■ SOURCE MATERIAL ■
-- Opening Marker --

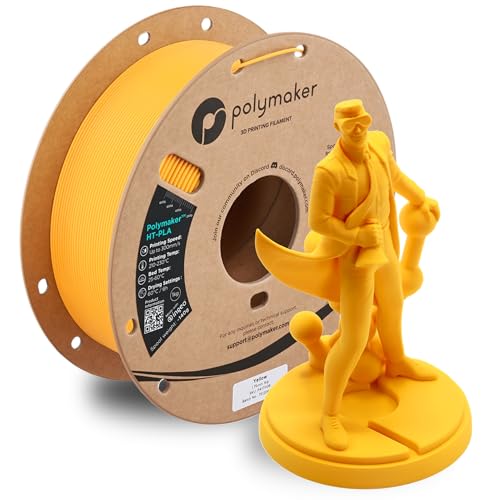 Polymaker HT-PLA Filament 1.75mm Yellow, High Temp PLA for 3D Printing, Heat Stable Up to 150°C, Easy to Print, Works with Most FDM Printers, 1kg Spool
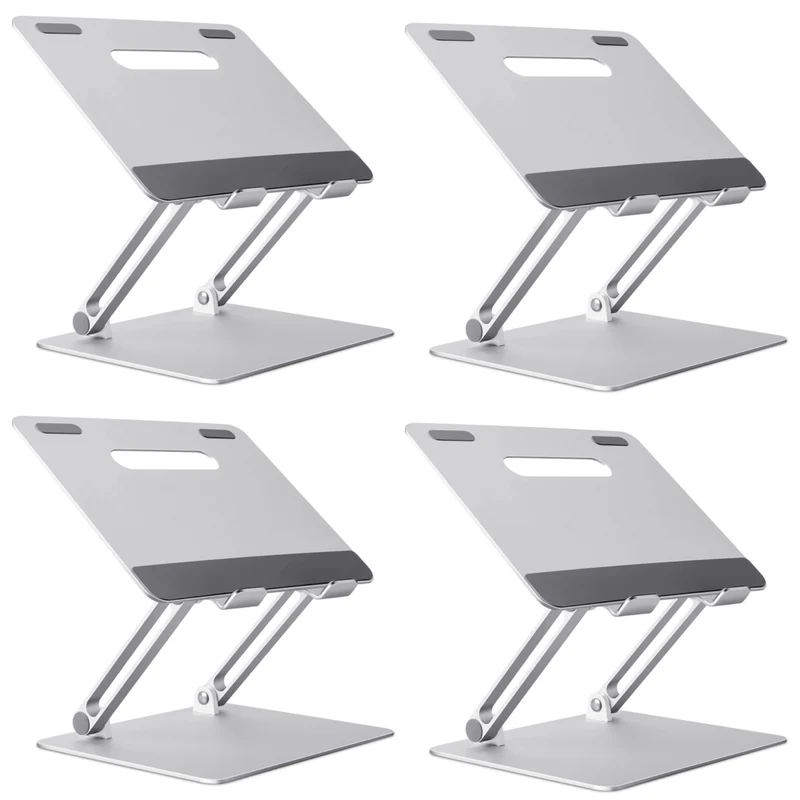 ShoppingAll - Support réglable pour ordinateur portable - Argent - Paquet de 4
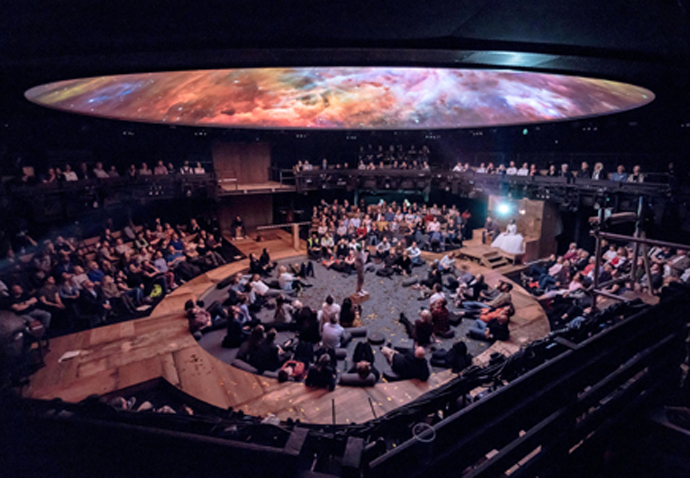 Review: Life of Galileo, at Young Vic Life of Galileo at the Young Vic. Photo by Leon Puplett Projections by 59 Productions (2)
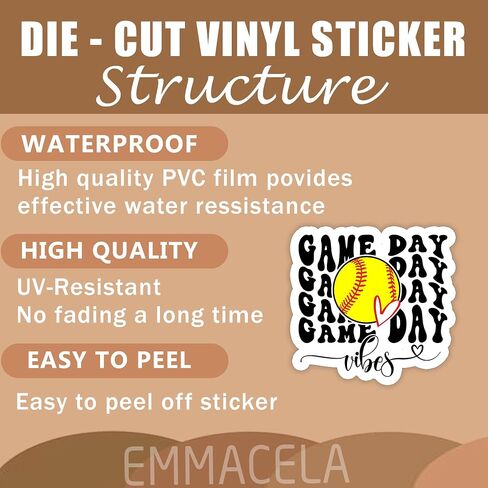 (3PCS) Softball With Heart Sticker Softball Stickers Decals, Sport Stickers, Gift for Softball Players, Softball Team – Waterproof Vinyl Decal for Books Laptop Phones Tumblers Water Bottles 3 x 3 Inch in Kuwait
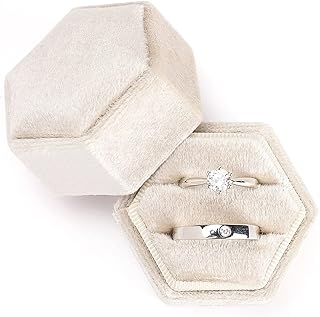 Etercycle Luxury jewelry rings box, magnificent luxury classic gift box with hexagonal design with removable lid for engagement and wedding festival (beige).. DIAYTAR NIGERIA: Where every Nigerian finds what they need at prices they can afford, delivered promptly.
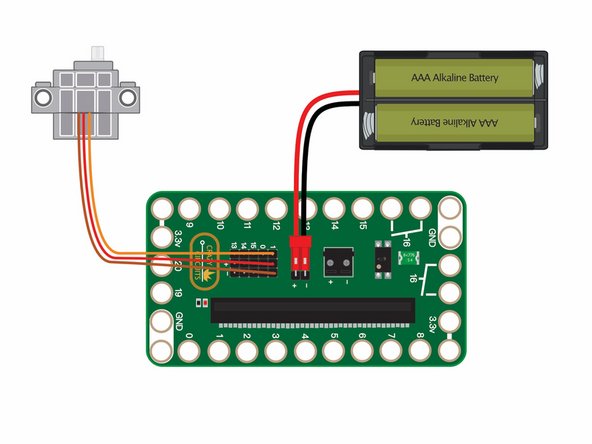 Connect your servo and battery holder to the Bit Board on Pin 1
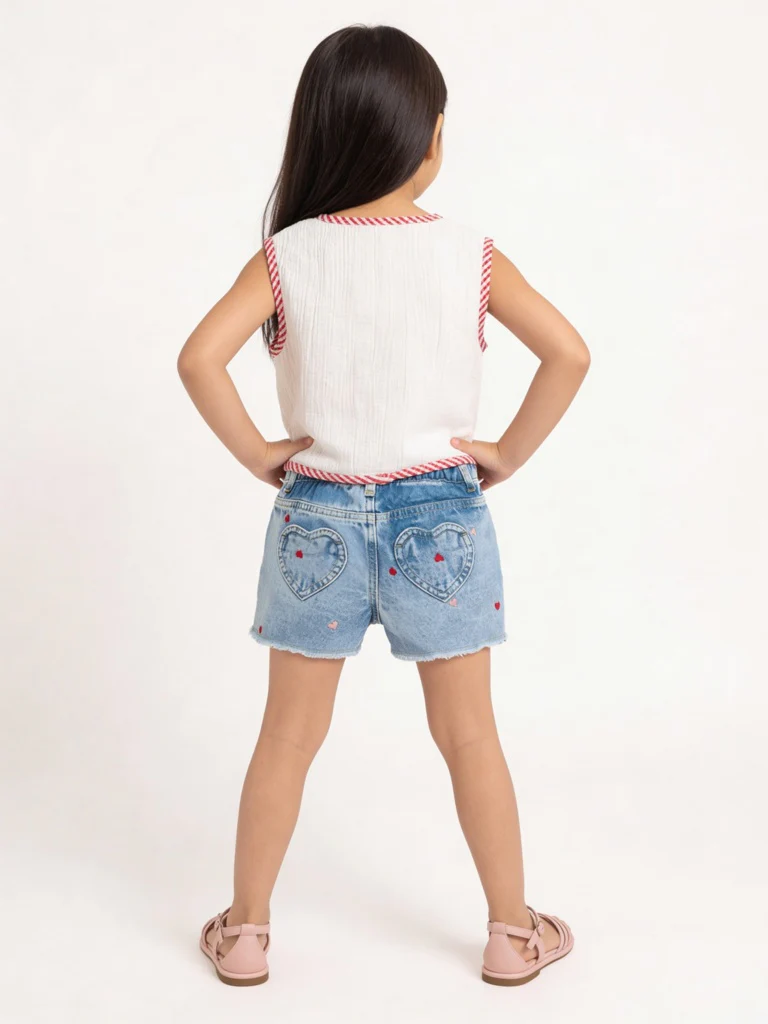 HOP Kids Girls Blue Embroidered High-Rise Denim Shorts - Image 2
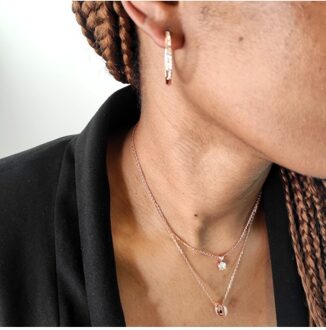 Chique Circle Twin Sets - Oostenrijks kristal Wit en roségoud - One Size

-- Closing Marker --

■ WHAT TO PRODUCE ■
Would you restate, word for word and with no pictures, only the lines from the opening of the material through the line with "(3PCS) Softball With", both included?

■ TASK OUTPUT ■
 Polymaker HT-PLA Filament 1.75mm Yellow, High Temp PLA for 3D Printing, Heat Stable Up to 150°C, Easy to Print, Works with Most FDM Printers, 1kg Spool
 ShoppingAll - Support réglable pour ordinateur portable - Argent - Paquet de 4
 Review: Life of Galileo, at Young Vic Life of Galileo at the Young Vic. Photo by Leon Puplett Projections by 59 Productions (2)
 (3PCS) Softball With Heart Sticker Softball Stickers Decals, Sport Stickers, Gift for Softball Players, Softball Team – Waterproof Vinyl Decal for Books Laptop Phones Tumblers Water Bottles 3 x 3 Inch in Kuwait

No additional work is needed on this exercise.